---------- Record excerpts
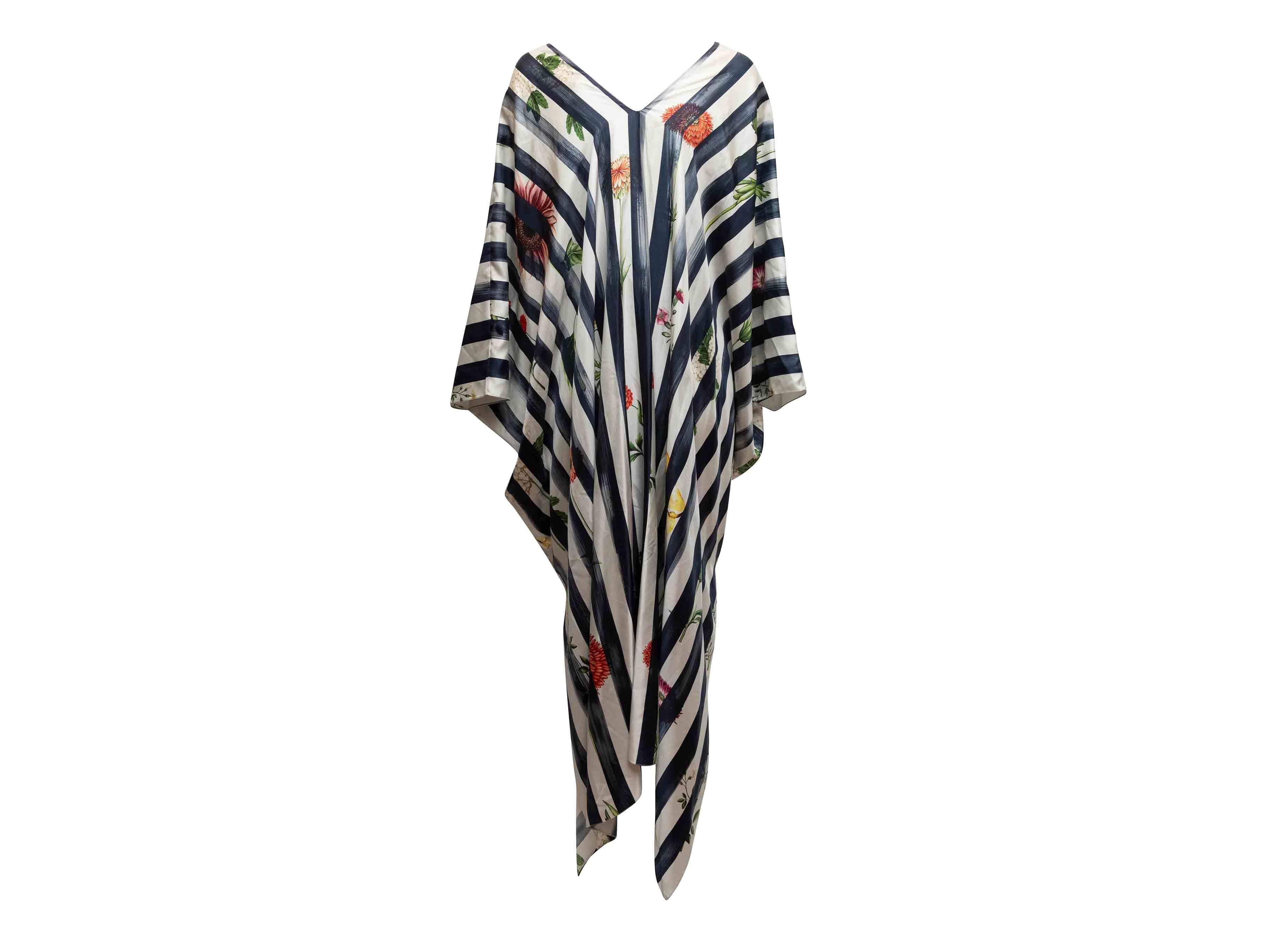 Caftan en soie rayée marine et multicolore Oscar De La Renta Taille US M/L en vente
--------------------
---------- Record excerpts
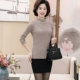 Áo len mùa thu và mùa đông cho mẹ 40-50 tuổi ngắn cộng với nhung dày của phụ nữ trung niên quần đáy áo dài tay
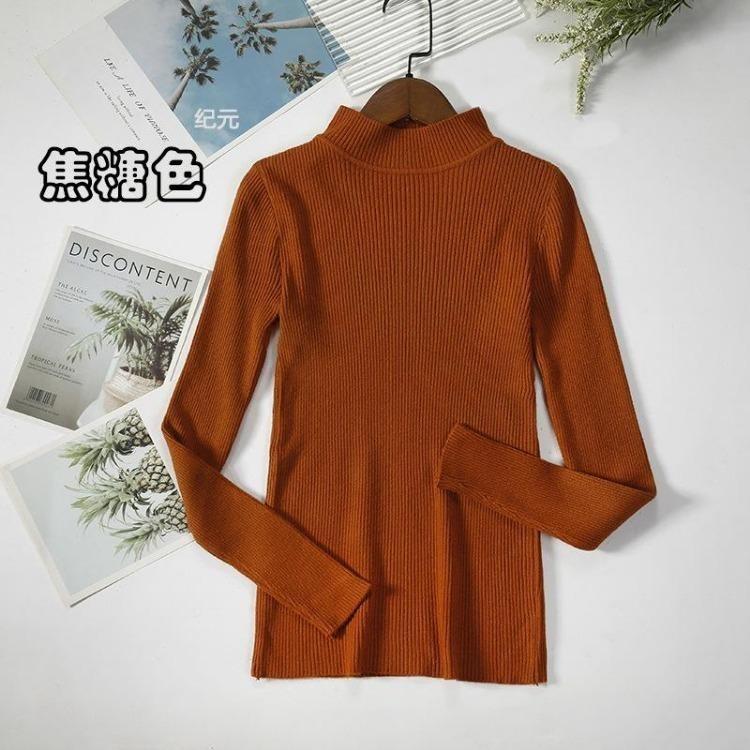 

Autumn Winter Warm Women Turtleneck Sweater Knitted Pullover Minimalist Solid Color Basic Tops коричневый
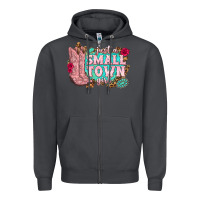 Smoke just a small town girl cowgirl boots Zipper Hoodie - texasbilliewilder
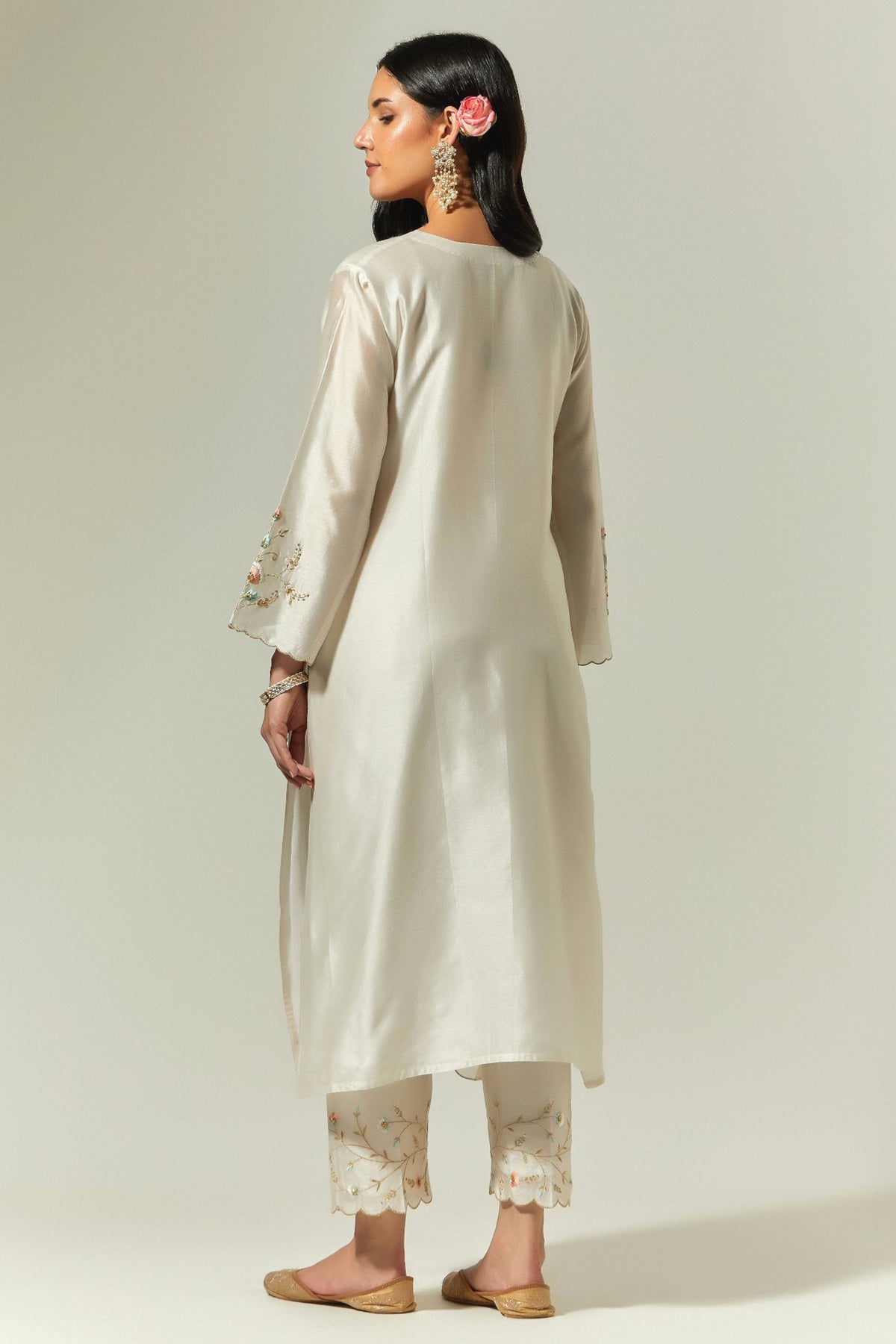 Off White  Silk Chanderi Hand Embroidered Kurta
--------------------
---------- Record excerpts
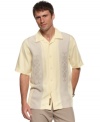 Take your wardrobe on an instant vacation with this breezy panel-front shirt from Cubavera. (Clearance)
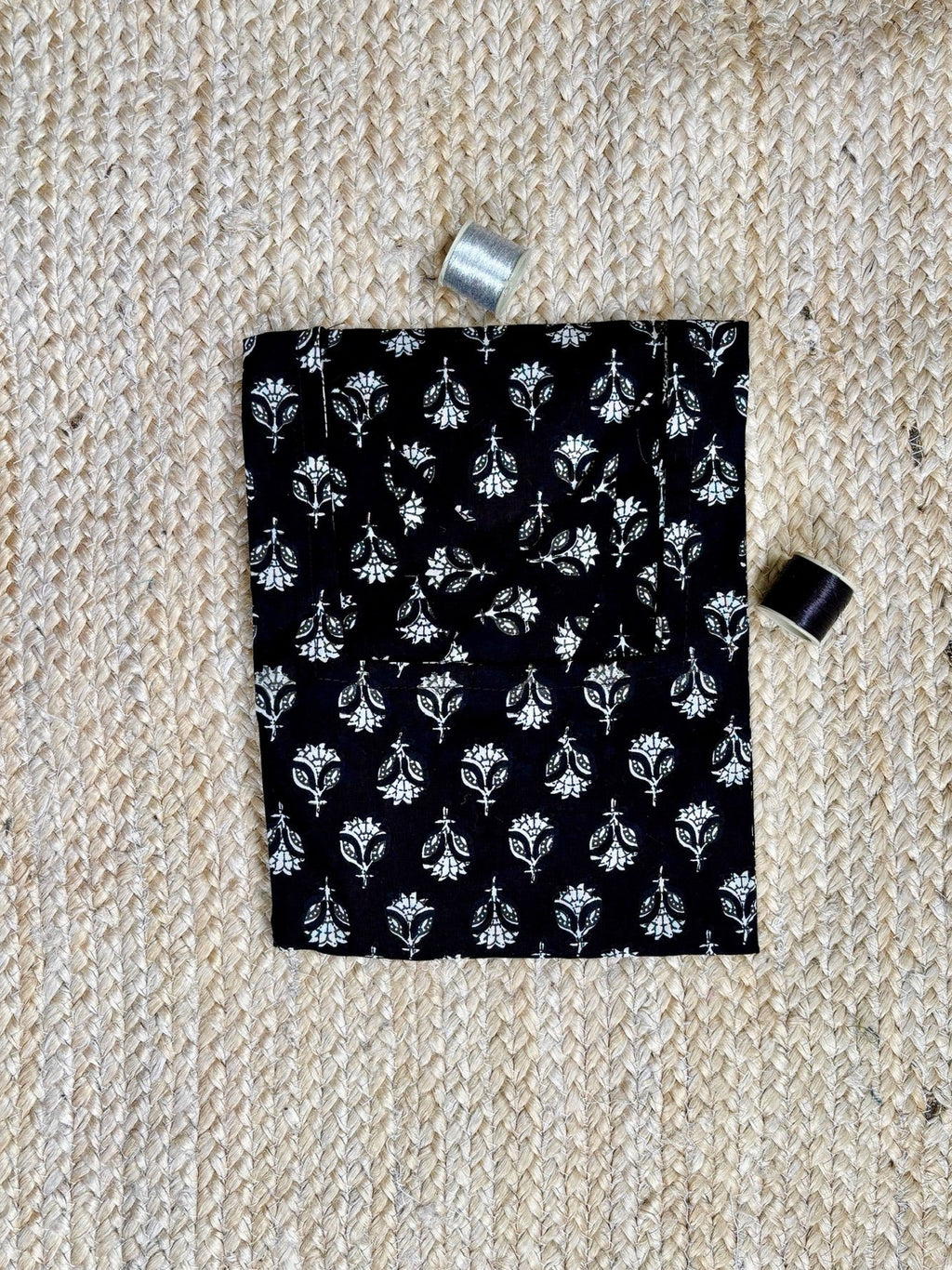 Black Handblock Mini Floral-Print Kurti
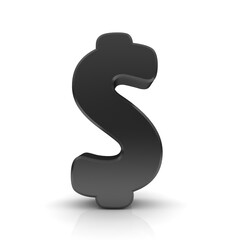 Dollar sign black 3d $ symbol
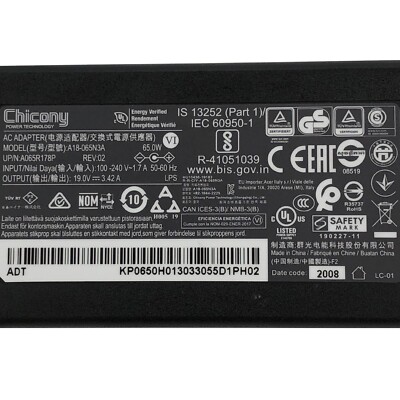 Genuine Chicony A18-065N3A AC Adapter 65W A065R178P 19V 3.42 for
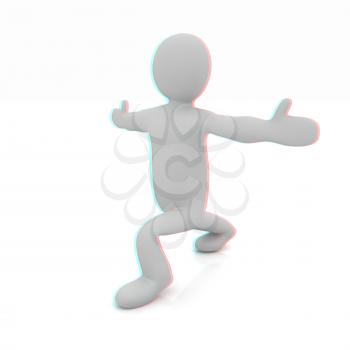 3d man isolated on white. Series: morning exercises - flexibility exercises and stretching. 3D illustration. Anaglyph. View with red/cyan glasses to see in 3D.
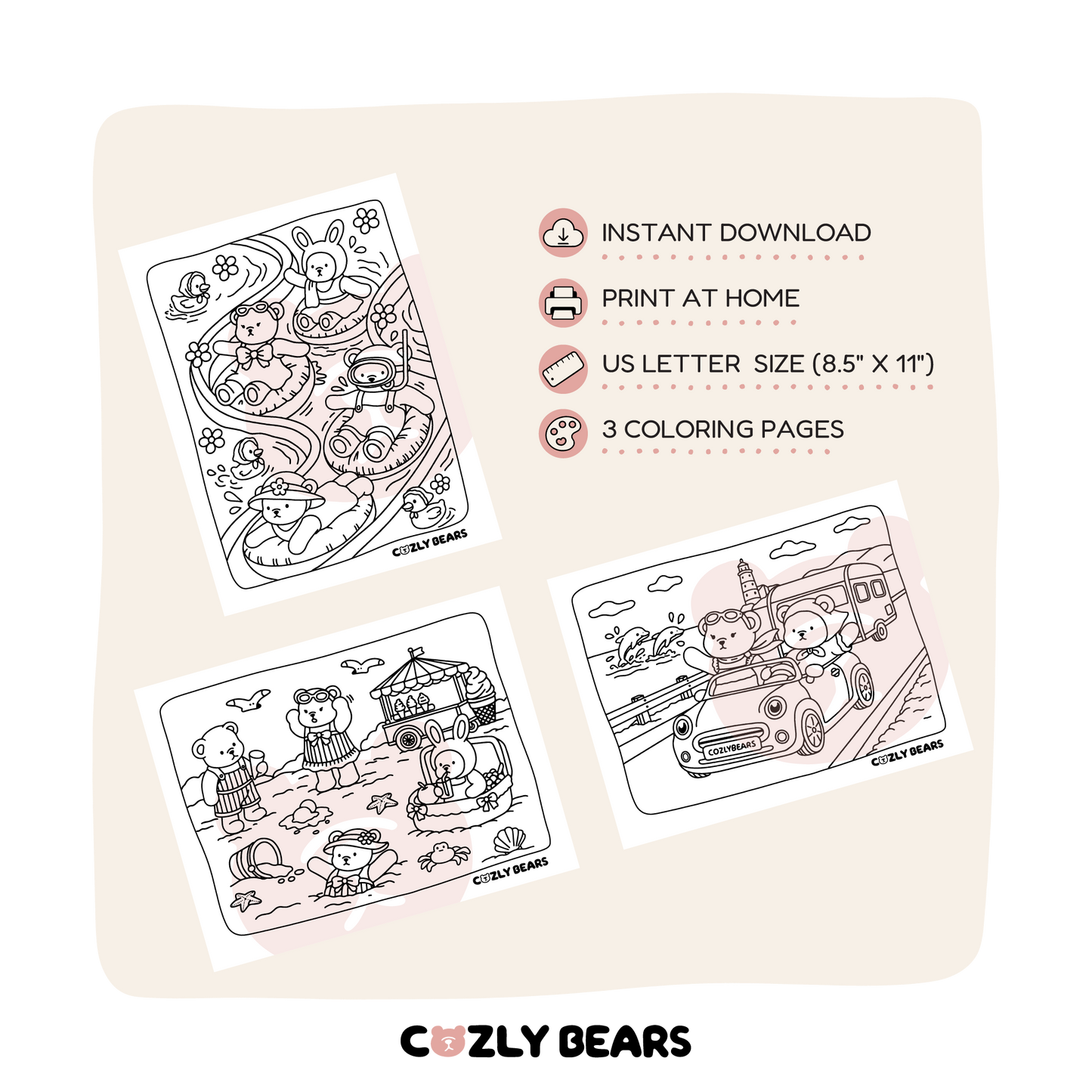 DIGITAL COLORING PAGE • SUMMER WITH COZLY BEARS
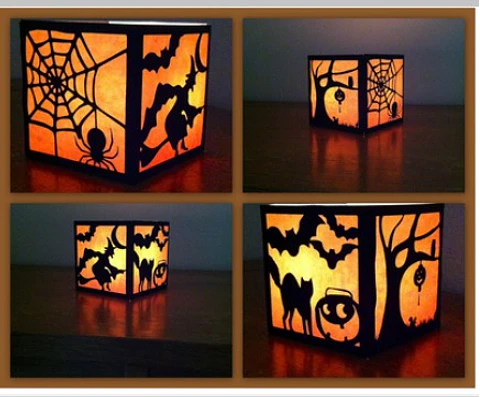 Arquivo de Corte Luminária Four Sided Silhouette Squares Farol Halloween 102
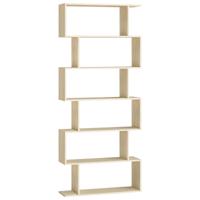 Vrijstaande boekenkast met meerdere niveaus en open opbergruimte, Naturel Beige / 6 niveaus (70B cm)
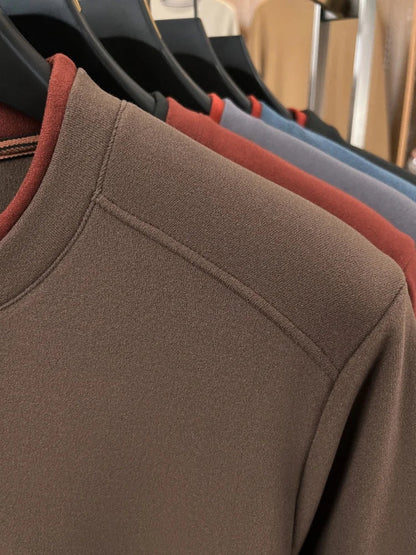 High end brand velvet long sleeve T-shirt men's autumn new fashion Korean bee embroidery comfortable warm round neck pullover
--------------------
The answer is the lines of the material above, from the one containing "Arquivo de Corte" down to the one containing "High end brand", given exactly and without images.

→ **Expected output**
 Arquivo de Corte Luminária Four Sided Silhouette Squares Farol Halloween 102
 Vrijstaande boekenkast met meerdere niveaus en open opbergruimte, Naturel Beige / 6 niveaus (70B cm)
 High end brand velvet long sleeve T-shirt men's autumn new fashion Korean bee embroidery comfortable warm round neck pullover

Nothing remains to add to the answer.